4. Extracting the top quark mass from the b jet energy spectrum

At this point, you are familiar with everything needed to extract the top-quark mass from the b-jet energy spectrum. A small group will setup a code to calibrate the b-jet energy peak measured to the expected b-jet energy peak (from which the top-quark mass can be easily extracted) and evaluate the performance of the method, while two other groups will work on systematic uncertainties.

Calibration and fit performance

In principle, the top-quark mass could be directly extracted from the b-jet energy peak through

$m_t= E_{b,peak}+\sqrt{m_W^2 - m_b^2 + E^2_{b,peak}}$

(the Particle Data Group giving $m_W = (80.385 \pm 0.015)$ GeV and $m_b = (4.18 \pm 0.03)$ GeV.)

Compute using your fitted peak.

However, after extracting top quark mass from MC, you can see that the mass is not exactly the same as the MC generated mass.

Question: what can bias this relation?

Question: Given the top mass of the nominal sample, 172.5 GeV, what is the predicted value of $E_{b,peak}$ ?

Calibration

Different sources of bias will affect the position of the energy peak. Therefore, you need to compute the b-jet energy peak from simulations for several top-quark masses in order to precisely know the relation between the b-jet energy peak measured for the set of selection criteria previously defined to the expected b-jet energy peak. At 8 TeV, this lead to the following figure:

The nominal samples that have been used to check the data to simulation agreement have been generated for a top-quark mass of 172.5 GeV. Samples for the top-pair process are also available for top-quark masses of 169.5 GeV and 175.5 GeV. The other samples may be considered as invariable whatever the value of the top-quark mass.

Simulation Samples

top quark mass	Sample	$\sigma$ [pb]
169.5 GeV	/TT_TuneCUETP8M1_mtop1695_13TeV-powheg-pythia8/RunIISummer16MiniAODv2-PUMoriond17_80X_mcRun2_asymptotic_2016_TrancheIV_v6-v1/MINIAODSIM	903
175.5 GeV	/TT_TuneCUETP8M1_mtop1755_13TeV-powheg-pythia8/RunIISummer16MiniAODv2-PUMoriond17_80X_mcRun2_asymptotic_2016_TrancheIV_v6-v1/MINIAODSIM	767

For each mass point, you may consider the possibility of completing the

fitPeak.py

script to:

1. generate pseudo-experiments from the 'bjetenls' distribution with Poissonian fluctuations
2. fit each pseudo-experiments to get a distribution of peak positions
3. take the mean of all the peak positions to complete the calibration curve

Question: What is the main point of using pseudo-experiments ?

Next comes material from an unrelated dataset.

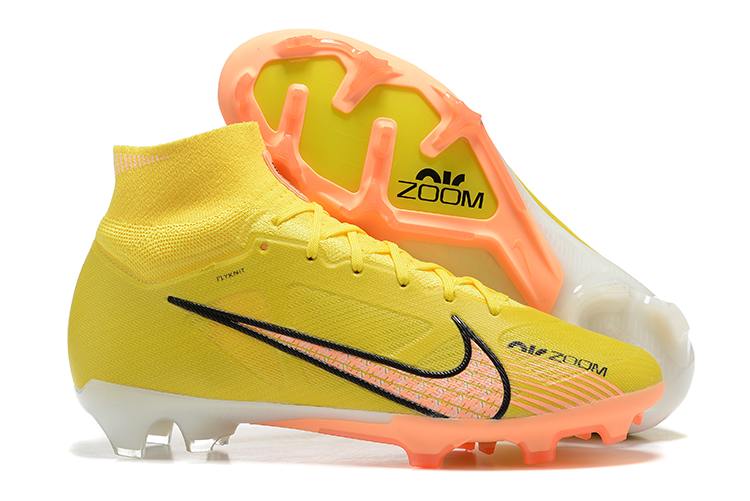 Nike Air Zoom Mercurial Superfly IX Elite FG High Top Yellow Football Boots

A class named TRandom3() is implemented in Root so that if you want to compute a Poissonian fluctuation for a given value x, you can simply do:

random3 = TRandom3()
random3.SetSeed(1)
fluctuation = random3.PoissonD(y*math.exp(x))/math.exp(x)

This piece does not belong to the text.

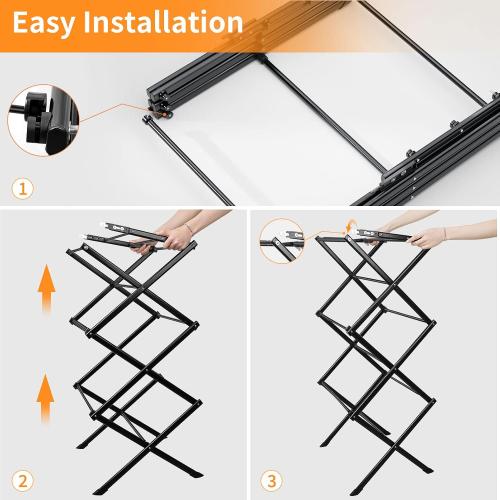 Black 40x28.8x14.2 Clothes Drying Rack Household Indoor, Foldable Drying Rack Clothing for Laundry - 40 x 28.8 x 14.2, Space Saving Indoor&Outdoor, Black-1pack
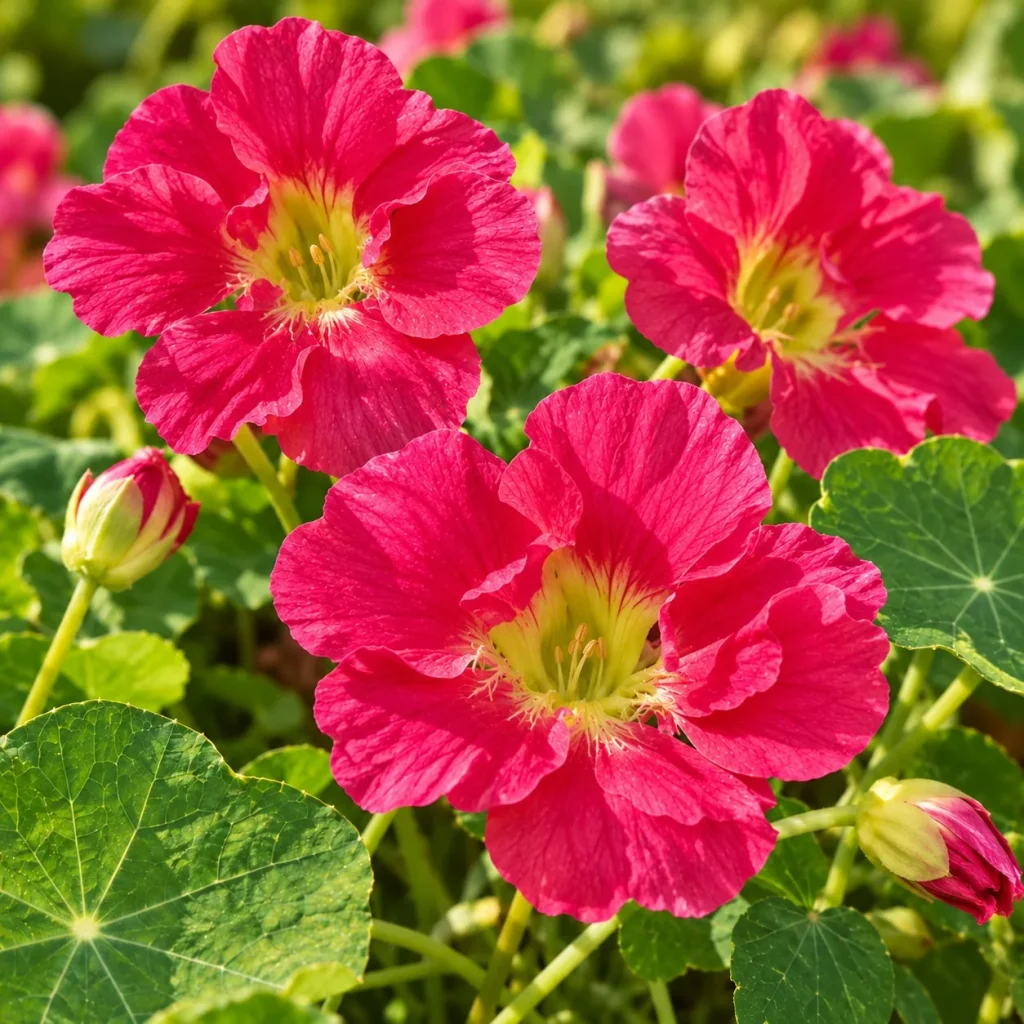 Capucine naine Whirlybird Rose : photo d’illustration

Here, y is the bin content, and x is the bin center for each bin of the bjetenls energy distribution.

Checkpoint: Your macro may look like fitNcalibrate/answers/fitPeak_pseudo.py.

When you have the values for the 3 different mass points, you can use the

peakplotter.py

macro to get the relation between the b-jet energy peak measured and the calibrated energy.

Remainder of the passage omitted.